WORK TO BE COMPLETED => Write out the entire listing exactly, so that each line matches the original.

[GIVEN MATERIAL Boundary: Start]

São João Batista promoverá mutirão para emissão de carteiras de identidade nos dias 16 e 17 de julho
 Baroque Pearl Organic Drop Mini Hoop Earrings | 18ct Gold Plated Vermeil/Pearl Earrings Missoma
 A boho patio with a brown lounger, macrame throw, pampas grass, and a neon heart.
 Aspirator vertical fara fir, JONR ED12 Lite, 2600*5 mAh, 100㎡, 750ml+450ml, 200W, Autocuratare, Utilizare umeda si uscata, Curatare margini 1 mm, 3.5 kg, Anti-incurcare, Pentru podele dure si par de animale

[GIVEN MATERIAL Boundary: End]

SOLUTION TO THIS EXERCISE =>
São João Batista promoverá mutirão para emissão de carteiras de identidade nos dias 16 e 17 de julho
 Baroque Pearl Organic Drop Mini Hoop Earrings | 18ct Gold Plated Vermeil/Pearl Earrings Missoma
 A boho patio with a brown lounger, macrame throw, pampas grass, and a neon heart.
 Aspirator vertical fara fir, JONR ED12 Lite, 2600*5 mAh, 100㎡, 750ml+450ml, 200W, Autocuratare, Utilizare umeda si uscata, Curatare margini 1 mm, 3.5 kg, Anti-incurcare, Pentru podele dure si par de animale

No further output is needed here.